The supply issue is the real bear case

Arm said it had more than $2 billion of customer demand across fiscal 2027 and fiscal 2028 for the Arm AGI CPU, more than double what it stated at launch. The problem is that demand is not revenue until supply is locked, parts are validated, racks are deployed and customers scale workloads.

That is why the stock fell after a strong print. Investing.com reported that the drop followed comments indicating Arm had not secured the supply needed to meet an additional $1 billion of AGI CPU demand. The same report said management maintained a revenue forecast while it works through supply capacity, which makes wafer access, memory, packaging and launch timing the next gating factors.

Analysts are already splitting around that tension. Needham raised its ARM price target to $255 and kept a Buy rating after earnings, citing upside to Arm’s CPU revenue forecast, according to StreetInsider’s May 7 analyst-target report. That bullish read is plausible only if demand turns into supplied product on a schedule investors can trust.

What investors should watch next

First, watch supply conversion. The demand headline is large, but the stock needs evidence that Arm can secure the wafers, advanced memory, packaging capacity and server partner ramp required to ship meaningful AGI CPU volume.

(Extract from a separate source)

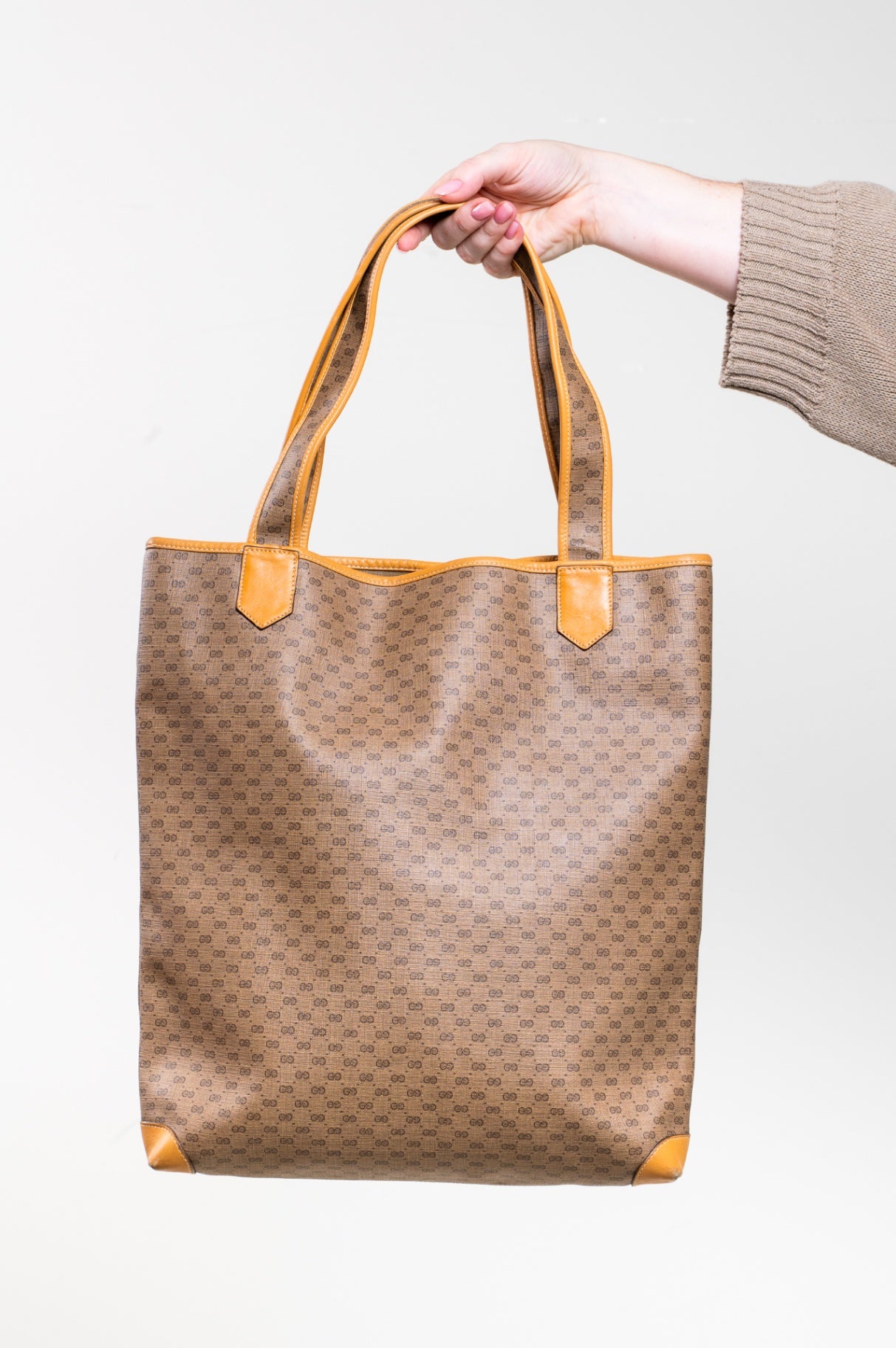 Vintage Micro GG Supreme Beige Tote Bag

Without that, the AGI CPU remains a valuation argument rather than a revenue line.

Second, watch royalty quality. Arm’s full-year royalty growth and more-than-doubled data-center royalty revenue show that the older model is not broken, based on the company’s shareholder letter. The best ARM stock setup is not silicon replacing royalties. It is silicon expanding Arm’s data-center share while IP and CSS continue to compound.

Third, watch whether customers treat Arm as neutral infrastructure or as a supplier that now competes with parts of its own ecosystem. Arm’s 2025 Form 20-F warned that moving into compute subsystems, chiplets and complete end-chip solutions could add competitive, technological, regulatory and financial risks, and it also noted that top-five customers including Arm China accounted for 56% of fiscal 2025 revenue. That is the risk investors should keep attached to any AI-stock rerating.

Bottom line for ARM stock

The new ARM stock test is not simply whether AI data centers need more chips; Arm has already argued CPU capacity requirements rise sharply as agentic workloads scale. The test is whether Arm captures a larger share of AI rack economics as CPUs become the orchestration layer for agentic workloads. Arm has a strong quarter, a clear product, named partners and more than $2 billion of indicated AGI CPU demand. It also has a supply-chain proof point still in front of it.

That makes ARM a more interesting AI stock after the post-earnings selloff, but not a simpler one. The bullish case is now measurable: more data-center royalties, supplied AGI CPU demand, and no damage to Arm’s neutral IP role. If those three pieces move together, the market will have to value Arm as more than a smartphone royalty company.